In fact, green elements are here to stay. The new California 2011 building code has incorporated may of the performance standards that are found in the USGBC LEED certification program. The new building ode sets targets for water conservation, water consumption, dual plumbing systems for potable and recyclable water, energy efficiency, and diversion of construction waste from landfills.
However, Bona stressed that “green” is still in its early stages of development and not easily understood by both retailers and consumers.
“I believe that when costs come down, green will increasingly become a standard way of doing business as opposed to a hot topic or current trend,” Bona said. “Manufacturers will continue to make more efficient refrigerated equipment, lighting companies will produce more energy efficient lighting, daylight will be used more during daytime hours to help reduce energy loads, solar will find a place even for small applications, and air conditioning and heating systems will get more efficient as well.”

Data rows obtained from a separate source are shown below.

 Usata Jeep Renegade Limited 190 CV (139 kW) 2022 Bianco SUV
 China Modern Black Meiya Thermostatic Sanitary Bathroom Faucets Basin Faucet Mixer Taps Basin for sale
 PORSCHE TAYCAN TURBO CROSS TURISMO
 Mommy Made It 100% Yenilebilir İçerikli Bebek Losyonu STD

Daniel added that because “green” doesn’t often resonate with your typical c-store customer, it may make sense to use your sustainable design budget where it positively affects your business. Investments in the building envelope, mechanical and electrical systems will pay back through reducing your operational costs.
“The retailers that are truly green are the ones that are investing in reducing their resource usage and other internal operational efficiencies that may or may not be visible to the customer,” Daniel said. “If the retailer wants to be sure that the customer understands that they are committed to green design, then they should think about educational signage that communicates what they are doing. Those kinds of messages are welcomed by customers.”

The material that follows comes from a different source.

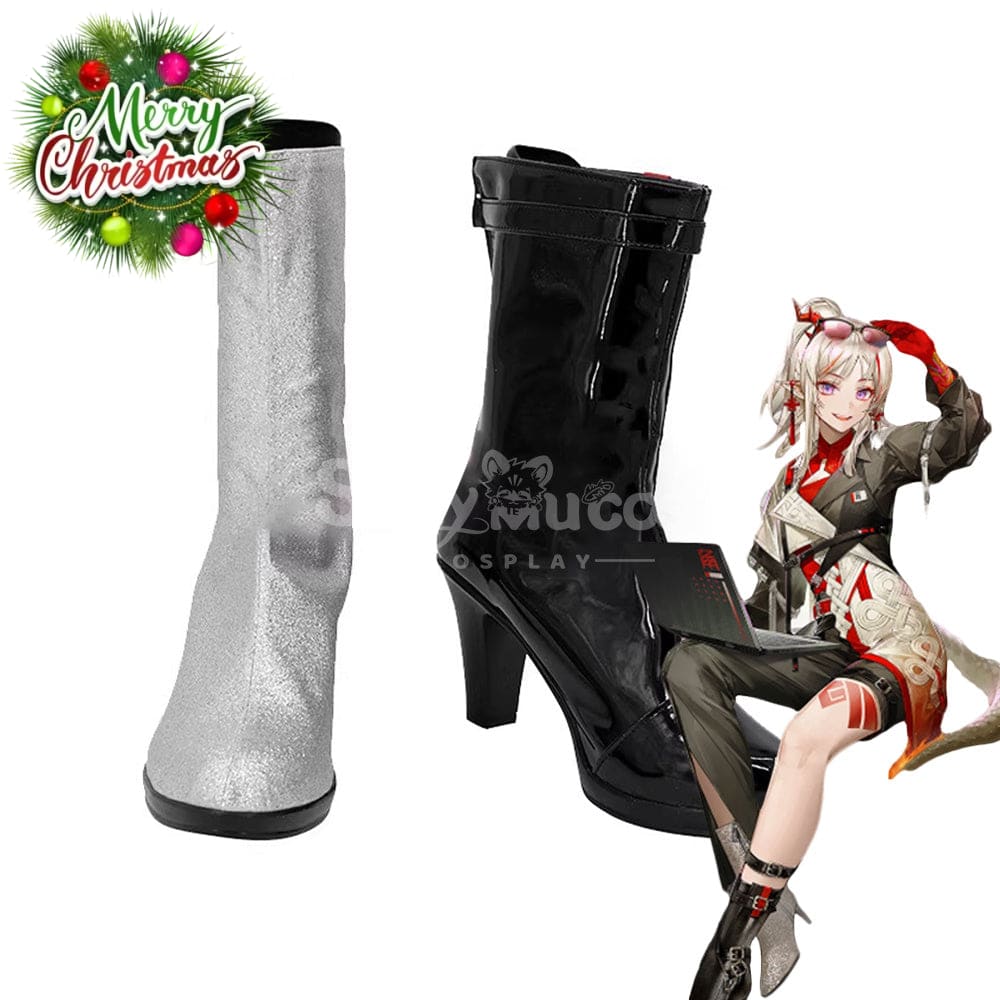 Game Arknights Cosplay Nian Cosplay Shoes Cosplay Shoes Boots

“Green” elements aside, experts agree that the retail environment will continue to move more toward highly experiential spaces with more focused destination departments. “Consumers’ expectations have been greatly enhanced over the last decade or two and convenience stores will have to do a lot to catch-up,” Bona said. “This is especially true because competition is increasing. In particular, drug stores are quickly becoming the c-store of choice for moms and female shoppers with bigger and brighter parking lots, drive-thru windows, cleaner and better experiences inside the store, and grocery merchandise offers that are becoming more fresh focused. C-stores will continue to struggle with legacy networks that were built to 1970s standards and will have to continue to balance the cost of upgrade vs. the cost of doing nothing. Staying relevant to your customer base is essential for survival and store design is one key element of any strategy for growth.”

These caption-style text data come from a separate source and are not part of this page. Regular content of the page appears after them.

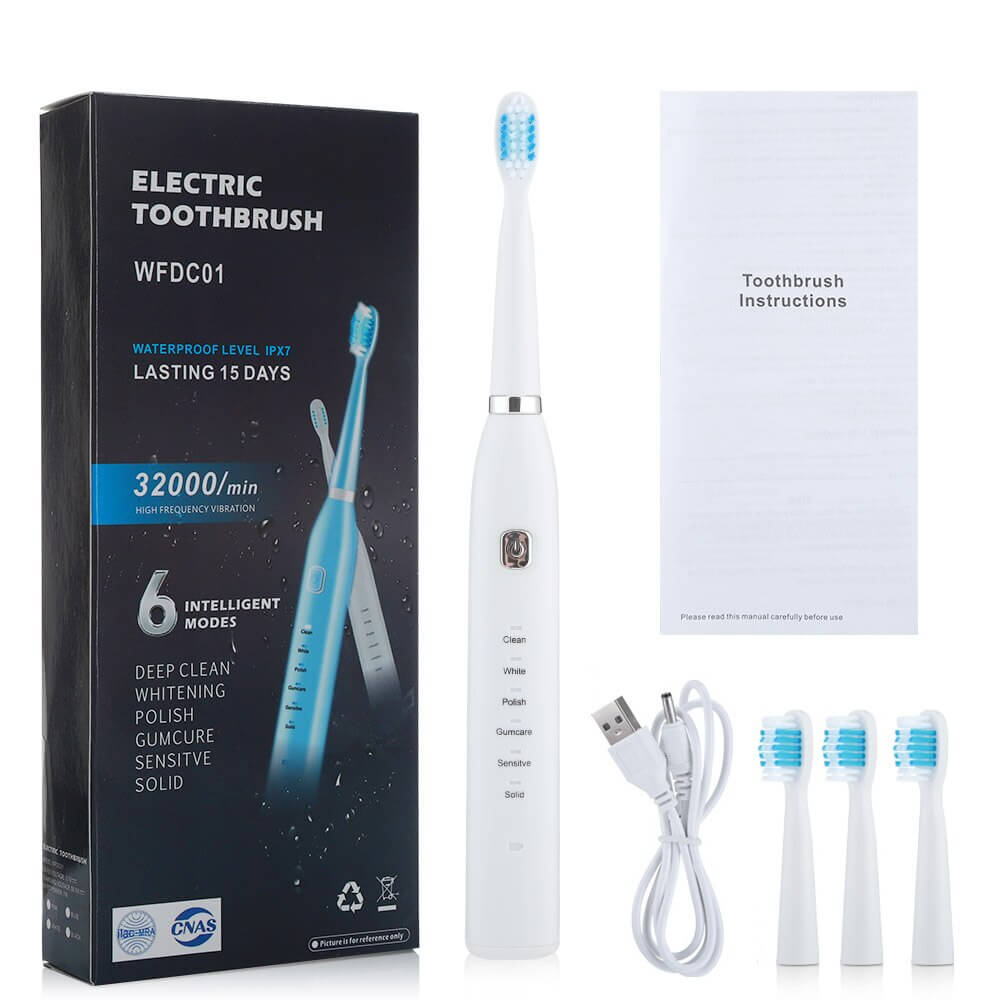 How To Brush Your Teeth With An Electric Toothbrush 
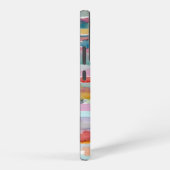 Farbenfrohe Abstrakte Kunst Pinakothek Züst Samsung Galaxy Hülle (Rechte Seite)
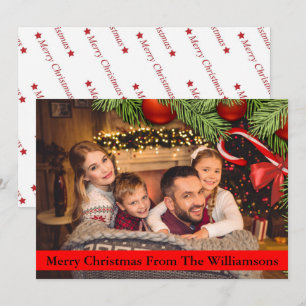 Cartes Pour Fêtes Annuelles Frontière entre l'arbre et le Sucre de canne de No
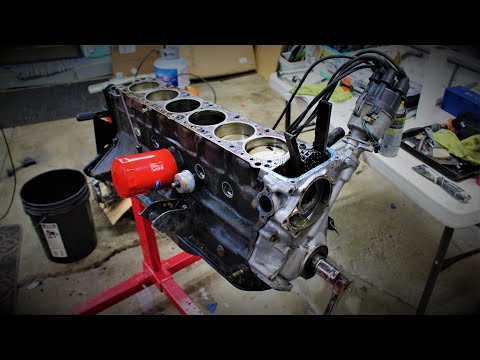 Complete L26 Engine Rebuild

Trends in Stand-Alone Retail Store Design
The architectural nuances of stand-alone retail stores are fairly consistent—box-shaped enterprises that consumers have come to recognize. However, Michael Smyth of Kistler Buildings is seeing a shift to pre-engineered post frame construction (pole barn style). The reason? “These types of structures are a third to half the construction costs of traditional construction style,” Smyth said. “The cost savings allows customers to put more of their budget into the interiors of their building like parabolic lighting and ceramic tile flooring.”
For a recent structure being build, Kistler Buildings had a small amount of square footage (1200 square feet) to stay within. “We decided to cantilever the coolers out of the side of the building sitting on an enclosed insulated slab where only the front doors were in the store. This freed up a tremendous amount of space inside the 1200-square-foot store.”